Around 5am ET, NASA’s Cassini Spacecraft dove through the gap between Saturn and its rings. The Twitter account used to document the mission sent out a message announcing the descent. “Shields Up!” they tweeted. “As we pass over #Saturn, we’re turning our high-gain antenna into a shield RIGHT NOW to deflect oncoming ring particles.”
Cassini is entering a region no spacecraft has ever explored. Because the antenna normally used to send images will now act as a shield, Cassini will be out of contact with Earth for at least a day.
“No particles larger than smoke particles are expected,” NASA says, “but the precautionary measure is being taken on the first dive.”

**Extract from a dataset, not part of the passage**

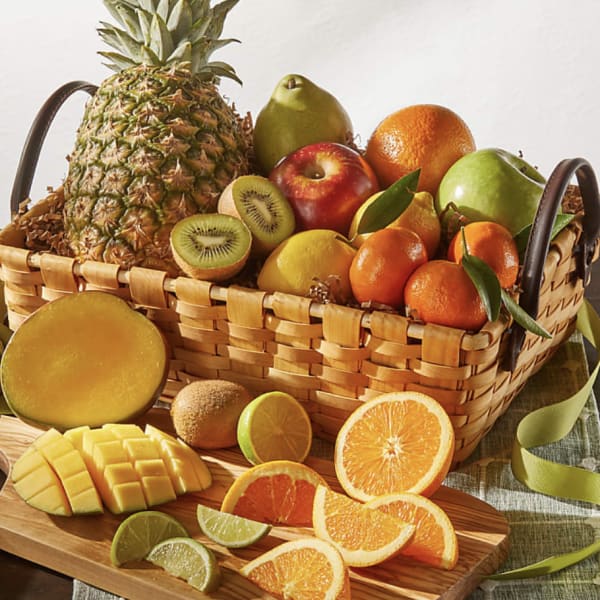 Basket of assorted fruit with sliced citrus and mango on a cutting board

The data collected by the spacecraft during the dive will be sent back to the Cassini team, who will use the information to gauge the atmosphere of the ring for future dives.
Two days ago, Cassini captured an image of Saturn’s moon, Titan, on its final flyby. This course of action put the spacecraft into its last act, which NASA is calling Cassini’s Grand Finale. Using Titan’s gravity to bend its path, Cassini will begin a series of 22 dangerous dives between the ring and Saturn, which will end with a plunge into Saturn itself, destroying the spacecraft. The mission will conclude in September, just shy of the 20-year anniversary. Cassini first began its journey in 1997.
If all goes to plan, NASA hopes to regain contact with Cassini no earlier than 3:30am ET. They estimate images will come shortly after.